I did not go to a fundamentalist school. Is my impression correct, though, that if the opportunity came again, other schools would be chosen?


----------



## ww (Feb 19, 2009)

Albatross said:


> I did not go to a fundamentalist school. Is my impression correct, though, that if the opportunity came again, other schools would be chosen?



David,

You ask a most interesting question and one in which you will find those on both sides. I found my experience at BJU one of great joy and even now when I think of my time there I have many fond memories. I received a great education. I met my Best Friend there and keep in touch with a few others as well. If you stick me in a room with a bunch of my fellow students from BJU we'd probably go into the wee hours of the morning recounting the Good Times we had and the Professors etc. Lots of Laughter would ensue. They were in a sense the Best of Times so I struggle with that question. 

However I don't believe I would be considered in any sense a "friend of the University" as they are called due to my Evangelical, Reformed, and non-fundamentalist lifestyle with regard to consumption of alcohol in moderation, movies, etc. I wouldn't recommend it to folks nor will I be sending my children there. This is in contrast to a couple of alumni like Dr Sean Lucas, Chief Academic Officer and Associate Professor of Church History at Covenant Theological Seminary, who wouldn't have any issues with recommending or sending his children there (according to remarks and comments on his blog I've read) yet look at his current role within my denomination the PCA. He's training Pastors in an Evangelical, Reformed, Presbyterian denomination. 

Also I'm not sure if Dr Bob Gonzales would like to comment as he may also have a more open view to BJU as he received his Ph.D from there and also met his wonderful wife there. Dr Bob no not Bob III if you are reading this would be curious as to your vantage point to this question????


----------



## JBaldwin (Feb 19, 2009)

Albatross said:


> I did not go to a fundamentalist school.
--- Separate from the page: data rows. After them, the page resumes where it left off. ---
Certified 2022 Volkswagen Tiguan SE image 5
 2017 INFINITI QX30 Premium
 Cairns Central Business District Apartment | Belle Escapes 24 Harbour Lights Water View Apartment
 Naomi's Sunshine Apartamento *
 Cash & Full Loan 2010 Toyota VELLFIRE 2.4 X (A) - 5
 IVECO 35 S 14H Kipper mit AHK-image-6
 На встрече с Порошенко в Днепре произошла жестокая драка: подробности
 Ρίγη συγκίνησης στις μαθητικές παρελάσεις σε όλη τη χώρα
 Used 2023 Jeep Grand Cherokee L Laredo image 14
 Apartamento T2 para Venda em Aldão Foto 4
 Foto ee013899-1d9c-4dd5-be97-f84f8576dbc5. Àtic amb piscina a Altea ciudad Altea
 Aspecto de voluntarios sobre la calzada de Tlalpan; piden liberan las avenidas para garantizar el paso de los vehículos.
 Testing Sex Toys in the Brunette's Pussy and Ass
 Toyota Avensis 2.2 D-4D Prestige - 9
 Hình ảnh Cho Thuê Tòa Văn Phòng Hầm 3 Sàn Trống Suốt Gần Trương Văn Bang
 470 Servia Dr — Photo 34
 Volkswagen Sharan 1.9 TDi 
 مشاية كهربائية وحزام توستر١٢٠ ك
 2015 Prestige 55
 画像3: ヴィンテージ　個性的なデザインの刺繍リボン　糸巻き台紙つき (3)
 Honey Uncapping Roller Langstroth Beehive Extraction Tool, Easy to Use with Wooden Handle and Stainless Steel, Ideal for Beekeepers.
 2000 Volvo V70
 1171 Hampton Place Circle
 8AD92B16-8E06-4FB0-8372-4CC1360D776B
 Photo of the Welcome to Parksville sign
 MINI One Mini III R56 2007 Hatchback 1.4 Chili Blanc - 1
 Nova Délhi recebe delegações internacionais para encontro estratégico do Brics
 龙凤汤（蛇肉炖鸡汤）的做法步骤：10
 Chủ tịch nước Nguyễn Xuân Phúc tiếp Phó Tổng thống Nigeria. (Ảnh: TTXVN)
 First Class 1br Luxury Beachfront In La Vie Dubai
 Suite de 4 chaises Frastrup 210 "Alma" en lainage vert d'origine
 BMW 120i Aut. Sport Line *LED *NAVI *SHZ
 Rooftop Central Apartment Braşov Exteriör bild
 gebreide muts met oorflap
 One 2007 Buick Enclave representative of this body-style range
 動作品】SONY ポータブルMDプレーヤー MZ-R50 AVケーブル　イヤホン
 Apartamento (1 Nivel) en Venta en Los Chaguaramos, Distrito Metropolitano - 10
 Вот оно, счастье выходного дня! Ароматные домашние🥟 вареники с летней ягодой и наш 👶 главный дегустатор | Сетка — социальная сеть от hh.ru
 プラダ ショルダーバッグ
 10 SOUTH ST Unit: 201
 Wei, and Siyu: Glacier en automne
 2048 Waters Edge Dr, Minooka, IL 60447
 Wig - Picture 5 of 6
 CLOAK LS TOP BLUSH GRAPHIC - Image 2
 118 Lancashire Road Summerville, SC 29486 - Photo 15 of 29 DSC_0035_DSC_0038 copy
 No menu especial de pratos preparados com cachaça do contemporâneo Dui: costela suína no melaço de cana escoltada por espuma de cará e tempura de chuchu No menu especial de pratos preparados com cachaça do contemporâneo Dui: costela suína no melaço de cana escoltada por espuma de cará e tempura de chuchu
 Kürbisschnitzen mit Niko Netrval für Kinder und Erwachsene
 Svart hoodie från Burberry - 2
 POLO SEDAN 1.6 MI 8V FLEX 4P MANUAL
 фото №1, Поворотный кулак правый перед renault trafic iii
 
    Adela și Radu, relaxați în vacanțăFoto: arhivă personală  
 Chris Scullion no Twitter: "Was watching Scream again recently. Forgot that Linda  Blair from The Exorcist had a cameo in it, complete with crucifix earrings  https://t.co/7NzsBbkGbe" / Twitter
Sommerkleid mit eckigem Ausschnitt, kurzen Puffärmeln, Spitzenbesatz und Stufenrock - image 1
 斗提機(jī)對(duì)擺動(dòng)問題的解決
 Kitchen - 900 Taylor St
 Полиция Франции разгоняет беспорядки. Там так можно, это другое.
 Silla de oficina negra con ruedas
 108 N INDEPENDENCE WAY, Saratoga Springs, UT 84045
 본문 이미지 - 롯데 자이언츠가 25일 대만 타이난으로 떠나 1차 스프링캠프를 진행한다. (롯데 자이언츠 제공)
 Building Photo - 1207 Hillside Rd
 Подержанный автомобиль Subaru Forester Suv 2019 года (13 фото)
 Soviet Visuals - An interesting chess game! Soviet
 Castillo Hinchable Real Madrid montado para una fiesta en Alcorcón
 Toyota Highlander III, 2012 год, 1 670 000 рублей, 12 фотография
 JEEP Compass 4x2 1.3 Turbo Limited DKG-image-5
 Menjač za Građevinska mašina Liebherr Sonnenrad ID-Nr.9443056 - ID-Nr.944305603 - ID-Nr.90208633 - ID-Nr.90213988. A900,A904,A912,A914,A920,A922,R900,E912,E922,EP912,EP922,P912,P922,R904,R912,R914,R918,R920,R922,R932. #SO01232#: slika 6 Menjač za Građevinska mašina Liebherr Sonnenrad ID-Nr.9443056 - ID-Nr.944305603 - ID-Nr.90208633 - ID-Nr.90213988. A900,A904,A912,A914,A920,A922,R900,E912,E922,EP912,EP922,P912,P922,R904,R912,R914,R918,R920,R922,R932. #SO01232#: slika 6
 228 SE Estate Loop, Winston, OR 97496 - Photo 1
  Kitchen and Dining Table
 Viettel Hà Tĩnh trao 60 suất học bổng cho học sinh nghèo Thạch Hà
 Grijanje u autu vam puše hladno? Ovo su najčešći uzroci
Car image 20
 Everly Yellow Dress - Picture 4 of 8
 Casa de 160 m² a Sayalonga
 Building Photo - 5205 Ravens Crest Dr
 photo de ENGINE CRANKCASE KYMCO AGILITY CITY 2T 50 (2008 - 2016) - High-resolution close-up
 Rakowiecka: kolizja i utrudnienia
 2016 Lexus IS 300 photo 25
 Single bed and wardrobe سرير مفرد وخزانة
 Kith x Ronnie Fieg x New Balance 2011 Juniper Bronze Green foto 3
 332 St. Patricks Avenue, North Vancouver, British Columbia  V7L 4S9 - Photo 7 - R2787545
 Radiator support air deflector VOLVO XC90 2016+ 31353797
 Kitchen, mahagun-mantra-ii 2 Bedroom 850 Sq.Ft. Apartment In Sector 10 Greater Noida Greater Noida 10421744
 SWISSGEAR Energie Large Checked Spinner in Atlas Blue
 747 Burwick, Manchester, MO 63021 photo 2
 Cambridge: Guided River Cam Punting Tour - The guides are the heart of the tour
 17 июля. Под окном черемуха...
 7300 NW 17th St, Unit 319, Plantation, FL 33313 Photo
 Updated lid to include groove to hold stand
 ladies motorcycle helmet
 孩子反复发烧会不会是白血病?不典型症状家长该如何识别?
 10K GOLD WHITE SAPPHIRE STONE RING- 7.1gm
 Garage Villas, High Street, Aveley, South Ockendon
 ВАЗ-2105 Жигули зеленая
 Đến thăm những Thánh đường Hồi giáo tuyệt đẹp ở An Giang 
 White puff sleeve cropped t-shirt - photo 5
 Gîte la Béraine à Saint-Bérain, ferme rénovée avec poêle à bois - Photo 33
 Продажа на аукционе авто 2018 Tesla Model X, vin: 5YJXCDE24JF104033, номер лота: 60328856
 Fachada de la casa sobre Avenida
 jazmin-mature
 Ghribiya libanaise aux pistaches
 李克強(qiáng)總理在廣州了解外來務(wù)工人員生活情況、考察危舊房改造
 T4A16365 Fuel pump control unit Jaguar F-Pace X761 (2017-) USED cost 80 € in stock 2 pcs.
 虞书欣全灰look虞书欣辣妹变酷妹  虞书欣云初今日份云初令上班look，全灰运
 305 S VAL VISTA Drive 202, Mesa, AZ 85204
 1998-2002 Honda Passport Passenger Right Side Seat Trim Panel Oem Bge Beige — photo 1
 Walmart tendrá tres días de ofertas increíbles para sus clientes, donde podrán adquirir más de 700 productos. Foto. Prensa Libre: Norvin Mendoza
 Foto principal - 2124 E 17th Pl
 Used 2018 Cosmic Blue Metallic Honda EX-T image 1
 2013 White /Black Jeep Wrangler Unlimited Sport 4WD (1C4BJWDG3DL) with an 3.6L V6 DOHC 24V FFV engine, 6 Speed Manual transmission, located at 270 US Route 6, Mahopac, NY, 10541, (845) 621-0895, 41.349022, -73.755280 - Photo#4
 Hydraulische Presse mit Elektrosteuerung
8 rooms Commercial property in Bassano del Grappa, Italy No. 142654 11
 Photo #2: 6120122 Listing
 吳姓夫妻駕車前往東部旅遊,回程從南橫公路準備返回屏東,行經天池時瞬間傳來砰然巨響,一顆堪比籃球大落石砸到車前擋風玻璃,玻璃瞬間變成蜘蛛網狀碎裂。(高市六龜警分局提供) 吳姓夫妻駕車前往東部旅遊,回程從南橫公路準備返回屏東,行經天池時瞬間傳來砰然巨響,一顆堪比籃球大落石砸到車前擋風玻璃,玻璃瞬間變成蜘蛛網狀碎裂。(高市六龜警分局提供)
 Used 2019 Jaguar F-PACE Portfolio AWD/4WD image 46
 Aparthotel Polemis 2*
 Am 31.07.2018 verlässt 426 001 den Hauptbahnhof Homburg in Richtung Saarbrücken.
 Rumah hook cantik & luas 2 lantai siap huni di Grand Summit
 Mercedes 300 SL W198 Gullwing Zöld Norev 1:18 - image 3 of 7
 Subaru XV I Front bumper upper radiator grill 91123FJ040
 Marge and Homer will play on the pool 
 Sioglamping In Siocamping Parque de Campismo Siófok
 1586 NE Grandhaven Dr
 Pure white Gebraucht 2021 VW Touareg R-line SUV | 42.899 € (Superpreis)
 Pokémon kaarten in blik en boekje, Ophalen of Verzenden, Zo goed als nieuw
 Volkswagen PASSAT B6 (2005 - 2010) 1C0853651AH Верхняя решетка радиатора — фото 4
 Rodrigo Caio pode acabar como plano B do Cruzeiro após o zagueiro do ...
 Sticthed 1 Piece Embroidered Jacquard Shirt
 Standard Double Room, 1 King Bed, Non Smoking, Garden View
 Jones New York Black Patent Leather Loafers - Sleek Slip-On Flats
Is my impression correct, though, that if the opportunity came again, other schools would be chosen?



Given the opportunity to go to school there, I wouldn't. I would find a good reformed school to attend. Having been away from there for a very long time (about 25 years), I've watched the school change and become even more ingrown than it was when I was there. While I don't regret my time there (I believe every stop on my journey with the Lord was important), I wouldn't choose to go there on purpose, especially knowing what I know now. 

Having said that, the school has much to offer, and I have taken my girls there for some of their community outreach classes (music and swimming) and concerts simply because I know that they are not going to get a worldly view of things. I also take advantage of their wonderful art gallery which is one of the largest collections of religious paintings in the southeast, if not the US.


----------



## ReformedChapin (Feb 19, 2009)

California State University Los Angeles

for Engineering

Hopefully WSC for Grad School after I graduate.


----------



## Kevin (Feb 20, 2009)

I spent 2 years at PCC & then graduated from TTU.

I would not recomend or send a kid to BJU or PCC. Liberty or TTU probably, but it would depend on the kid.


----------



## Ivan (Feb 20, 2009)

Far from a fundamentalist school, I graduated from Southern Illinois University at Edwardsville, Illinois. In the past I've thought it would have been great to have attended a conservative, confessional college. At the time I really didn't have the opportunity. It just wasn't on the radar screen. I didn't even consider a Christian college. Under the circumstances at that point in my life SIU was the best option. The benefit in attending a secular university was that it "toughen" me up considerably and solidified my Christian beliefs. Also, with a scholarship, SIU was virtually free compared to today's prices.

I butted heads with a few professors, which I'm sure comes at no surprise. However, the class I enjoyed the most was a "Special Readings" course. It consisted of choosing a topic, reading tons of material on it, sitting down with the professor a couple hours a week to discuss what I read, and then write a lengthy paper on the subject. It was great!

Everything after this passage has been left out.